Todos dormem em colchonetes finos sobre o chão de concreto, em uma sala vazia e mal iluminada, e usam uma privada primitiva.
Funcionários da prisão dizem que eles podem sair durante duas horas por
dia, após cada uma das três refeições básicas -arroz ou macarrão,
eventualmente com um pedaço de batata ou carne, mas nunca frutas ou
hortaliças.
No ponto mais próximo, o extremo oeste da costa líbia fica a cerca de
460 quilômetros da ilha de Lampedusa. Há anos muitos sonham em fazer
essa travessia, mas sob o regime de Gaddafi, contam os traficantes, o
preço da viagem chegava a US$ 5.000 por pessoa, por causa do custo de
burlar -ou, mais provavelmente, de subornar- as forças de segurança.
Recentemente, o preço caiu para em torno de US$ 1.600. Amontoar 200
imigrantes ou mais num barco significa faturar pelo menos US$ 320 mil,
mas os traficantes insistem que há um custo elevado. "Tudo é caro",
justificou um deles.
O transporte terrestre de imigrantes exige um suborno superior a US$ 100
por posto de controle das milícias. Um traficante pode gastar até US$
5.000 por mês para alugar uma casa onde os imigrantes são alojados
enquanto esperam para partir.
E um chefe de milícia cobra cerca de US$ 20 mil por mês para permitir o uso de um local seguro de onde os barcos possam zarpar.

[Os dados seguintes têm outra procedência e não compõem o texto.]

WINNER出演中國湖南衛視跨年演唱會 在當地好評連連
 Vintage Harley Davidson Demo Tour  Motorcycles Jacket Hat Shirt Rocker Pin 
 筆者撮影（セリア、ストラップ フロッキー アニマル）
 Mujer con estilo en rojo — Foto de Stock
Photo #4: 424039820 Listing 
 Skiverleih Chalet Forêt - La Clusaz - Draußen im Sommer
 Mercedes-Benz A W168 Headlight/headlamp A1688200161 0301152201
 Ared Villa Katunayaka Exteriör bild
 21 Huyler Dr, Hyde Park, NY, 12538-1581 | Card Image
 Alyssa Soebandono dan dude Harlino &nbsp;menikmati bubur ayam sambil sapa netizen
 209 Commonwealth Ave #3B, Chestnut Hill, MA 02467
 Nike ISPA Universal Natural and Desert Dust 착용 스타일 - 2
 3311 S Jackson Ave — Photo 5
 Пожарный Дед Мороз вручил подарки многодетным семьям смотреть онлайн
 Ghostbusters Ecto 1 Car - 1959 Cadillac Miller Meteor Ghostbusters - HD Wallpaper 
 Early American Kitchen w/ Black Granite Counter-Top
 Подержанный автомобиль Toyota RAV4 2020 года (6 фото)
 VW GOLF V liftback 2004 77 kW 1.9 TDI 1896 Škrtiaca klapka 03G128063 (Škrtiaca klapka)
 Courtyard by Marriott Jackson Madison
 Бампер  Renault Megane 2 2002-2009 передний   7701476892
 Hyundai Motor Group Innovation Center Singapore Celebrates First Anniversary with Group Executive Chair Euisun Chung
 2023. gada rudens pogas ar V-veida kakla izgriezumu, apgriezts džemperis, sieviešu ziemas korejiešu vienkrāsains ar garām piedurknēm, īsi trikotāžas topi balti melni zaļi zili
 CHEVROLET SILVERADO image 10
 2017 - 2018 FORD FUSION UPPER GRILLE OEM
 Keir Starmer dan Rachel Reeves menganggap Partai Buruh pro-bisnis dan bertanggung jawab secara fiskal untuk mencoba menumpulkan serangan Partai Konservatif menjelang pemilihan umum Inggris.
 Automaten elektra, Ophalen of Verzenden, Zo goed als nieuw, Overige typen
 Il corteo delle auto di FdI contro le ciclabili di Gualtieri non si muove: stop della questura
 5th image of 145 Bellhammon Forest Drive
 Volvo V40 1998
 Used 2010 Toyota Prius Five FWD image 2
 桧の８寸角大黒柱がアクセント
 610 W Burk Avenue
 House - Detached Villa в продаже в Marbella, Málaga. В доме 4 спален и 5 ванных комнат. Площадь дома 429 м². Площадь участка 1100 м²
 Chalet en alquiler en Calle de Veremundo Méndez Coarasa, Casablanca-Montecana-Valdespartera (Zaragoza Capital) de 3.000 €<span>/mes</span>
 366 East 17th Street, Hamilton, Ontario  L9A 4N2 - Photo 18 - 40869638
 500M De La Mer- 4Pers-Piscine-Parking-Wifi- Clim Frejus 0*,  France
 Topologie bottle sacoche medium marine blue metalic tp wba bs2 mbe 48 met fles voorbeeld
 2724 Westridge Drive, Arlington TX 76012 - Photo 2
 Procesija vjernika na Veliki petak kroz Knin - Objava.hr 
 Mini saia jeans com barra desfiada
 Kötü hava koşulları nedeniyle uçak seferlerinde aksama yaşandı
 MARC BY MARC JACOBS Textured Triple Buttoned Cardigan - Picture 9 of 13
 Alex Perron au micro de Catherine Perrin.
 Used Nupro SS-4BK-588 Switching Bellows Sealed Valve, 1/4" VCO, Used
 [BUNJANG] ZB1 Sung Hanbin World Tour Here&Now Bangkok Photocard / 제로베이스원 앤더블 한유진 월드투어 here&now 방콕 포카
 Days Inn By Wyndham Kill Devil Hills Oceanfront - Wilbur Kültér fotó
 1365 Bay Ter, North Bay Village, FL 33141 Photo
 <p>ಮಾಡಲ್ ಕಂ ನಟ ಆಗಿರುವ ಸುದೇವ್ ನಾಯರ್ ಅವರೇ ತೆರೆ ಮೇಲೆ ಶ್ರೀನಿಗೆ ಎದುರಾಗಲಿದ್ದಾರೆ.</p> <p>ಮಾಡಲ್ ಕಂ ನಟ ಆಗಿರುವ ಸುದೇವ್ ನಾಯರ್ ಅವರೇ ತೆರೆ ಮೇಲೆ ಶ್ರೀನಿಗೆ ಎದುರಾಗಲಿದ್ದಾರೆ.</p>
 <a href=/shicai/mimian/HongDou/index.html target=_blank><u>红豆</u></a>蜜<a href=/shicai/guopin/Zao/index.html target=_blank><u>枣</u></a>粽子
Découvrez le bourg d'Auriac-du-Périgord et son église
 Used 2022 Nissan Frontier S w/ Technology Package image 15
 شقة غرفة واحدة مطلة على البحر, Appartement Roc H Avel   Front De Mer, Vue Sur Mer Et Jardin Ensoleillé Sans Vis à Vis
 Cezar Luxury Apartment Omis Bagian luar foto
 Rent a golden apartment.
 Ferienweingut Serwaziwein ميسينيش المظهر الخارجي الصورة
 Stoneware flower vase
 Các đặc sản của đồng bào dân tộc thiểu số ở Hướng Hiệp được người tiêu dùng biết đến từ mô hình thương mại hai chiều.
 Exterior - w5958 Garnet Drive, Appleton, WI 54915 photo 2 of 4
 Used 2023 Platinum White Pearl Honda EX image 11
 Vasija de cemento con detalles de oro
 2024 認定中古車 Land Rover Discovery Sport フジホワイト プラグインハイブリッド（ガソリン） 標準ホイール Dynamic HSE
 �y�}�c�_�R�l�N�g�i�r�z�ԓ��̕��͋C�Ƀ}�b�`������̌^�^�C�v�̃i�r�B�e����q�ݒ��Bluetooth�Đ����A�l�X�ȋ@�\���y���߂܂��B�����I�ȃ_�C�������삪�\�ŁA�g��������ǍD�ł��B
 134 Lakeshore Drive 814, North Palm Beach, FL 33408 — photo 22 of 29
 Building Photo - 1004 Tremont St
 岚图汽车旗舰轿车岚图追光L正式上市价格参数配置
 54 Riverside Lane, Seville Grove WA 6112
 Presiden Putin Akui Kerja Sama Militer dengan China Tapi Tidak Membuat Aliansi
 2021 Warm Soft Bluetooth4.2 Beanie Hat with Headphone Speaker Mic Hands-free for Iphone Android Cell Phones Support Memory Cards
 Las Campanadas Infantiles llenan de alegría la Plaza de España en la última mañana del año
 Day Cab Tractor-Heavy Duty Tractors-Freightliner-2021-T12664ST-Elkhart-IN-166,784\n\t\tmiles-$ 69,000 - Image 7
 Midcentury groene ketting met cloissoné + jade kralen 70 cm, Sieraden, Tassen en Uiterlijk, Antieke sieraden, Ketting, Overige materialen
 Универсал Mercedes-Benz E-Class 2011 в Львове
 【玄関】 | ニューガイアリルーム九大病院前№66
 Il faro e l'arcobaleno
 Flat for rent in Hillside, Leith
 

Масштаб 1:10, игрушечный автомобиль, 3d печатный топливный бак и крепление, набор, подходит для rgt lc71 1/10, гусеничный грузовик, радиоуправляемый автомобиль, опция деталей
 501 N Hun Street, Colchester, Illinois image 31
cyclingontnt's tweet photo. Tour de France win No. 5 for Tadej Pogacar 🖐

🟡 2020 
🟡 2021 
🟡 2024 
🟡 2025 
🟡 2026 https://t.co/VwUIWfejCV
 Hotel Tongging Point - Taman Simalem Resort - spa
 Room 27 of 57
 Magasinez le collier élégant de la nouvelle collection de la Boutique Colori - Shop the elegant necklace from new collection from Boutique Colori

Um egípcio ou tunisiano que pilote o barco pode ganhar de US$ 5.000 a
US$ 7.000 por mês. Cerca de US$ 800 compram um telefone via satélite que
o capitão usa para chamar a Cruz Vermelha quando o barco chega a águas
internacionais, para acelerar o resgate pela Guarda Costeira italiana.
Os dois traficantes riram da ideia de que alguma autoridade líbia possa
detê-los. "Tudo é aberto - os desertos e os mares", disse outro
traficante, que atua em Trípoli.
Imigrantes apanhados em águas líbias são enviados a uma rede de prisões
improvisadas, oficialmente para aguardar o repatriamento aos países de
origem. O Senegal já levou 400 de volta.
Mas as autoridades encarregadas desses centros dizem que muitos países
fecharam suas embaixadas na Líbia ou simplesmente negligenciam seus
imigrantes. A Eritreia os considera criminosos.
No centro de detenção de Zawiyah, Hermon e Efrem relataram que fugiram
de casa sem avisar os pais. Irmãos deles que já haviam feito a viagem
para a Itália pagaram para trazer as crianças.
Perguntados sobre se tinham intenção de voltarem para a casa dos pais, a
resposta dos dois foi unânime. "Queremos ir para a Itália", disseram.